Kapitalist ülkeler para kazanmak, gelişememiş ülkeleri sömürmek için 1800’lü yıllarda işgal eder; neleri var neleri yoksa sömürürlerdi. Milenyumla beraber artık sözde işgal etmiyorlar ama sömürebilmek için ülkeleri birbirleriyle savaştırarak ya da Türkiye’ye yaptıkları gibi terörle yıpratarak durdurabiliyor, istediklerini bu yolla ve pazarlıkla alabiliyorlar.
ABD’nin yanında AB ülkelerinin yer almasını anlayabilmek kolay! Çünkü dinleri, aynı, kanlı kapitalist karneleri birbirlerinden geri kalmayacak kadar yıldızlı pekiyilerle dolu! Ve AB ülkeleri bildiğimiz Haçlı Ordusu! ABD ise Yahudi lobilerinin sömürme ve Yahudilik dışındaki dinleri ve hele İslam’ı aşağılamak ve yok etmek konusunda aksiyonlar ve eylemler üreten lobilere sahip!
Her zaman olduğu gibi Ortadoğu’daki, Yemen’deki savaşlarda asıl amaç paradır, din kendilerinden olmadığı için bu coğrafyadaki kan, gözyaşı ve sefaletin kapitalist yürek ve katı kalplerinde karşılığı yoktur!
Açıklaması, pirincin içindeki beyaz taşlar; tavşana kaç, tazıya tut siyasetleri ve asla sizin menfaatinizi gözetmeyecek ama hep sizden pozisyonunda siyasetler ürettiler!

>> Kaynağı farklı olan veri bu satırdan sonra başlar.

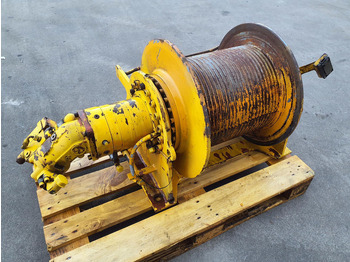 Loader crane KRUPP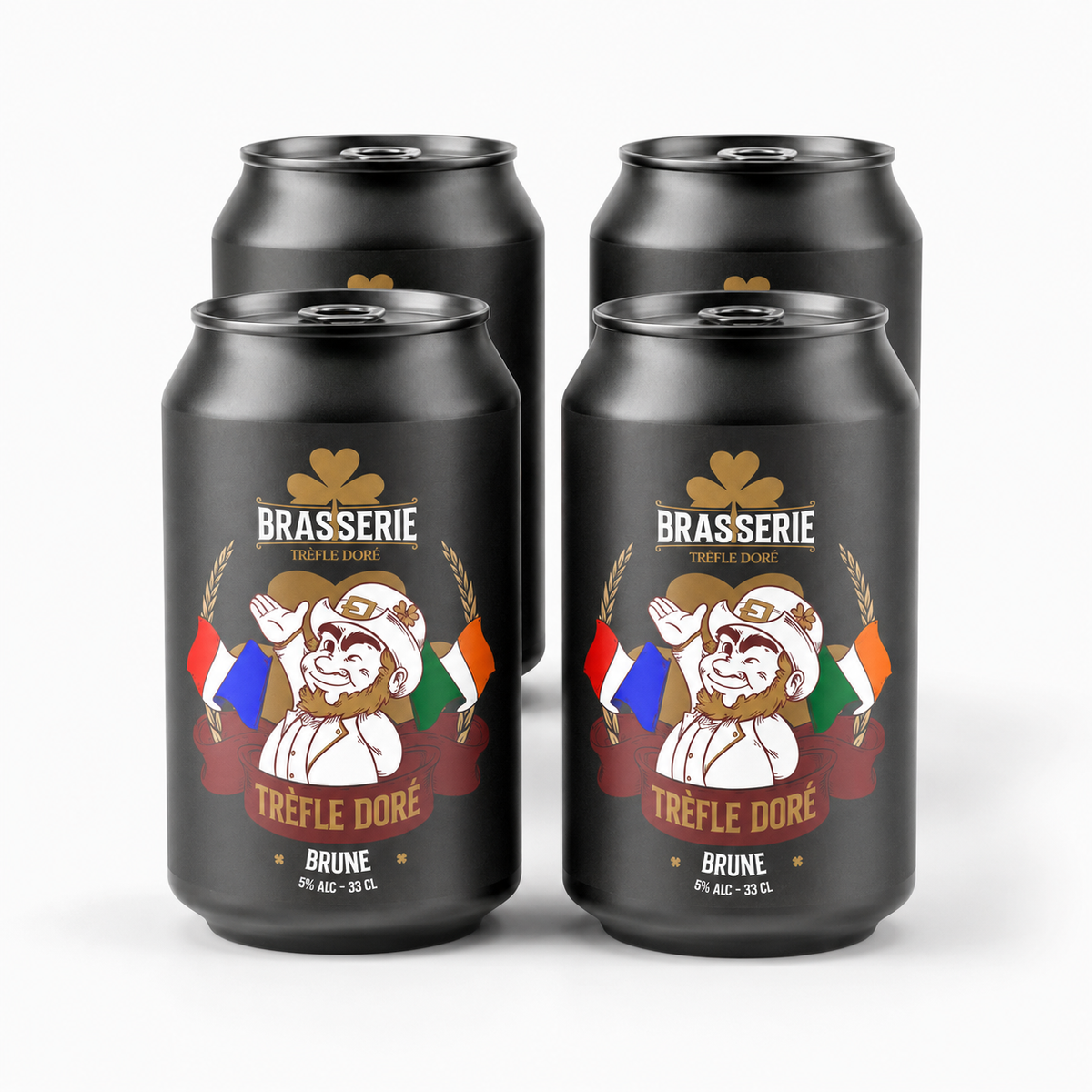 Bière Brune Dry Stout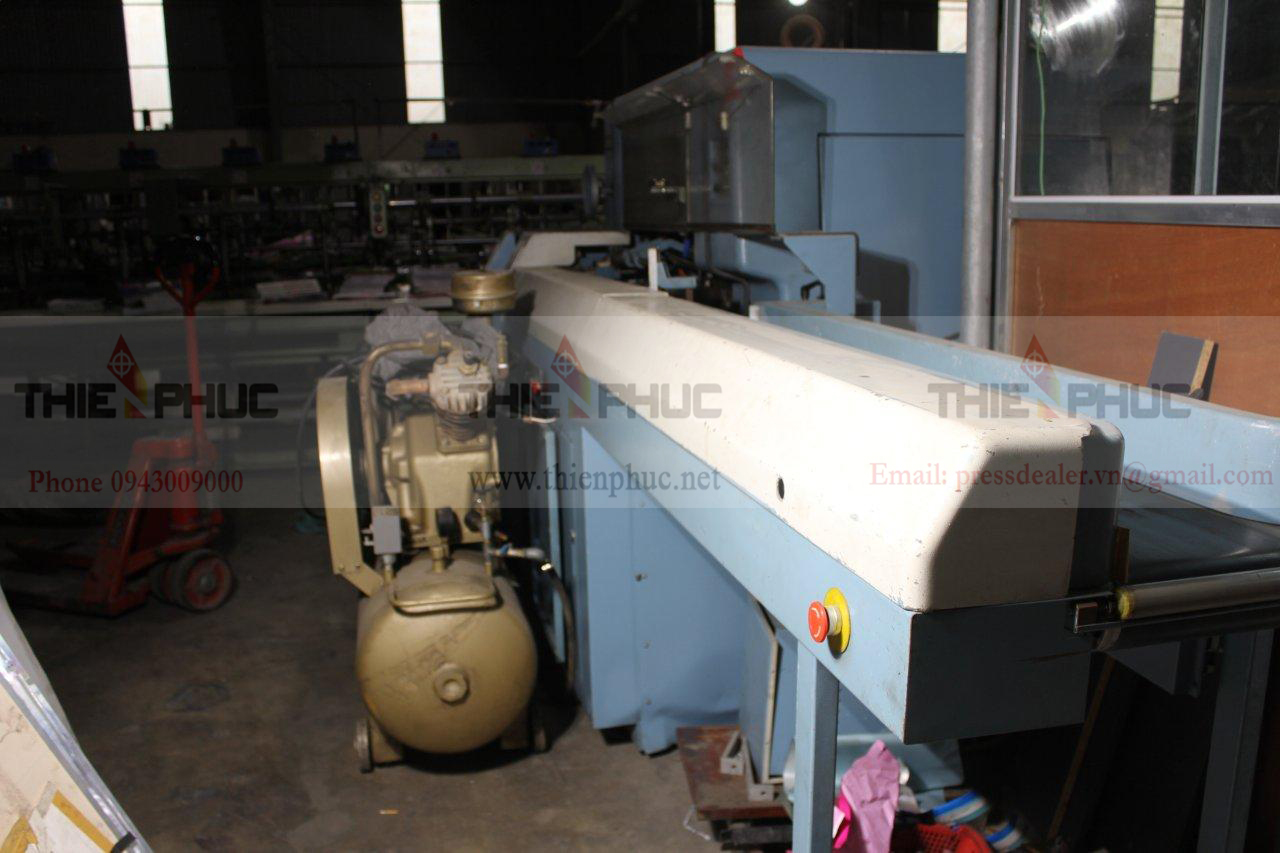 Máy dao cắt 3 mặt TP174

Ama artık siyasetlerini gizli yapmamaya başladılar ki; Ortadoğu ülkeleri demek ki artık istedikleri kıvam ve düşüncelere gelmişler demektir!
Tarihte bizim koruduğumuz ve hala birçok siyasetçimizin dost diye baktıkları; ulusal platformlarda haklarını savundukları başta Suudiler olmak üzere Arap âlemi ki Mısır ve Filistin’i de buna dâhil ettiğimizde Türkiye’nin kendisini savunduğu bir savaşı işgal diye tanımlamaları; emperyalist ülkelerin bu ülkeleri çoktan ele geçirdiklerinin delilidir.
Bugün Türk Cumhuriyetleri ise yanımızda yer aldılar, haklı olduğumuzu savunuyorlar!
Ben bu yüzden yıllardır hedefimin Turan olduğunu söyler ve yazarım!
Biz şahsımız adına ne yapabiliriz?
İşimizi en iyi şekilde yapacağız, kimseyi öteleştirmeden davranacağız, dinimizi kendi kaynağı Kuran’dan öğrenebilmek için kendi dilimizde Türkçe okuyacağız ki safsatalara, tefrikalara, ayrılıkçılığa düşmeden bir olalım, diri olalım!